Excerpt from the back cover of the book:
India Remembered is a pure evocation of this key period of India and Pakistan‘s history. Using diary entries and extracts from the meticulously kept family photo albums as documentary evidence, this book is a brilliantly informative read and a chance to witness first hand a generation of characters whose actions were to change the fate of two nations.
Some interesting facts which I came across:
1. Title of the Book:
There is another book with the same title. ‘India Remembered’: an account written in 1982 by Barbara Donaldson of her life in the UP, first as a child and later as the wife of an I.C.S. Officer (J.C. Donaldson, C.I.E., M.C.). [Ref]
2. Pamela’s views about Gandhi, Nehru and Patel:
"Gandhiji was such a marvellous person that the moment you met him, he had such a twinkle but he was so simple with people that you know one was just delighted to meet him."
When Nehru, the urbane idealist, would go off at a passionate tangent, Patel would say, "don't go ahead of the people so far; come back, take them with you."
3. The way the Mountbattens died:
Lady Mountbatten died at age of 58 on February 21, 1960, while in sleep.

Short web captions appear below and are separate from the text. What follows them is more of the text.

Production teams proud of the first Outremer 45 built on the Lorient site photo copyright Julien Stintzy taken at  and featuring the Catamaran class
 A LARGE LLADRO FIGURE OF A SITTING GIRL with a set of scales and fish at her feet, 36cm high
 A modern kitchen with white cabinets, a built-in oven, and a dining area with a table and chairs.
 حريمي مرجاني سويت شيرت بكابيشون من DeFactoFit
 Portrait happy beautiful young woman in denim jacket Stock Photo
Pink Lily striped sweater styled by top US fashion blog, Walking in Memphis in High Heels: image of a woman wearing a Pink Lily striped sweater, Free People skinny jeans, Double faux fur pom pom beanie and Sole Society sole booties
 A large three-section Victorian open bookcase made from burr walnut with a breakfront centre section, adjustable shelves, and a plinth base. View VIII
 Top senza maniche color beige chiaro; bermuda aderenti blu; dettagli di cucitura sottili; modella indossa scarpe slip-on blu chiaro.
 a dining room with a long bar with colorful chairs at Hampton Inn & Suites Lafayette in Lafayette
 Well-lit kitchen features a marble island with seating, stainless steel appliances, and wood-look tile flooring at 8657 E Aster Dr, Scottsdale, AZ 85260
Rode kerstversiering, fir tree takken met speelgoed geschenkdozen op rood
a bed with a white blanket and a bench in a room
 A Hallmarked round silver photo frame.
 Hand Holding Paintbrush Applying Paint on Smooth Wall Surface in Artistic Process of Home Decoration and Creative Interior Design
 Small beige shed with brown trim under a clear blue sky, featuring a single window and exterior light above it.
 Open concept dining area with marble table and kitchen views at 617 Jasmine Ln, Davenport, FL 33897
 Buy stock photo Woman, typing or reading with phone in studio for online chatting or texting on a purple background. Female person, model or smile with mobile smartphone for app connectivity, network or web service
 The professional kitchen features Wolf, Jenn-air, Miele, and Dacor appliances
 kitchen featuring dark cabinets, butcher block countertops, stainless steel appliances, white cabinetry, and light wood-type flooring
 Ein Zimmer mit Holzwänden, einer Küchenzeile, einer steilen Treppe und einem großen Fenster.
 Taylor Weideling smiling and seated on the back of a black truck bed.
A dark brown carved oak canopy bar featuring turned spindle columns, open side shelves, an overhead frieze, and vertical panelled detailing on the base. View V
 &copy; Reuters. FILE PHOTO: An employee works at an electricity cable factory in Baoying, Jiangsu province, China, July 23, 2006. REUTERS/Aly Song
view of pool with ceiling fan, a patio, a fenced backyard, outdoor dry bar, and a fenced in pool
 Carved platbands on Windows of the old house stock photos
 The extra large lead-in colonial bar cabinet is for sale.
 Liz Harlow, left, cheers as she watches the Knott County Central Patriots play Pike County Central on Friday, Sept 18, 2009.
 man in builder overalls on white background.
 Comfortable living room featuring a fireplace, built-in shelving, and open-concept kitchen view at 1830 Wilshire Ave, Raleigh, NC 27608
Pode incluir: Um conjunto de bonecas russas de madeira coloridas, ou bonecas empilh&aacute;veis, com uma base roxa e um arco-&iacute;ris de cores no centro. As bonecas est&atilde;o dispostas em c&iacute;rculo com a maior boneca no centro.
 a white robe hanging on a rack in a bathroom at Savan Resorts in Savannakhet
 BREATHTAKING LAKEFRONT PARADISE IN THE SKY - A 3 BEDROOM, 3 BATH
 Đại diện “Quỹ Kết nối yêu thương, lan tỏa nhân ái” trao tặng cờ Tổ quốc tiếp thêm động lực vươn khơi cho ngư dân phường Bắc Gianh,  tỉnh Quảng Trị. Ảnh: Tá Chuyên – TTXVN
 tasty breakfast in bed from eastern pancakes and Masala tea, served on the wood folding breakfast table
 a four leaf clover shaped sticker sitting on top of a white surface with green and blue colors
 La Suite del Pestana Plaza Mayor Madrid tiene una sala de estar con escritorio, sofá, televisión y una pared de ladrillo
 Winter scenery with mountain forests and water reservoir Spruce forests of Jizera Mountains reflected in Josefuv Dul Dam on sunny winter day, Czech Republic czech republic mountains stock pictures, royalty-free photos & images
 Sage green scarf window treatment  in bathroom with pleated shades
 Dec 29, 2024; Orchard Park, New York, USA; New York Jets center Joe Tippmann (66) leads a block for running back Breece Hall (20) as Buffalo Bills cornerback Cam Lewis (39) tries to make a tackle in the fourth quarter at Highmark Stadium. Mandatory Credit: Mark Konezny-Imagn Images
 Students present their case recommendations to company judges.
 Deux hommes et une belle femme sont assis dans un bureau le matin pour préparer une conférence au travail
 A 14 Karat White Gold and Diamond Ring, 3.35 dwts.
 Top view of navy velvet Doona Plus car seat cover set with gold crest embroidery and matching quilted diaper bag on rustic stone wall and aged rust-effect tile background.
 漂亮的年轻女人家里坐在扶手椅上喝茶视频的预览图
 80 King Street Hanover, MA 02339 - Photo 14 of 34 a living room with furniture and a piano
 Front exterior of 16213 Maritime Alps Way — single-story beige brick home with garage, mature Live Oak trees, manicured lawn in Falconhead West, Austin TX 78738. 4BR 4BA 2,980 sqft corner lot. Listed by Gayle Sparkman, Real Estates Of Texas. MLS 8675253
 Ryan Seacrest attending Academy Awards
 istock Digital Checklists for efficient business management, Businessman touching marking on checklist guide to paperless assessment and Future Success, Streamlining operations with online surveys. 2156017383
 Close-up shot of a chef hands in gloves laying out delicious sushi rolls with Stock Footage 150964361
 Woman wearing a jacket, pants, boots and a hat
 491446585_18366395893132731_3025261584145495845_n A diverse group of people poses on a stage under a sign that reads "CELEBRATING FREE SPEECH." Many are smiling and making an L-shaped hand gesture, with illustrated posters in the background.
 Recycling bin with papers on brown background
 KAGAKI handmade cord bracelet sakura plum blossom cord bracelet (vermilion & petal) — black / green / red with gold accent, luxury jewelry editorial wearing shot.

She had just returned from a visit to India. To the surprise of many, a packet of letters from Nehru was found by her bedside!!!
Lord Mountbatten was holidaying at his summer home in Republic of Ireland. Members of the IRA (Irish Republican Army) were aware of Mountbatten’s movements. Despite security warnings, on 27 August 1979, Mountbatten decided to go sailing in his pleasure craft. The IRA had earlier fitted a radio controlled bomb which was detonated, killing Luis and some other family members; a sad end to an eventful life.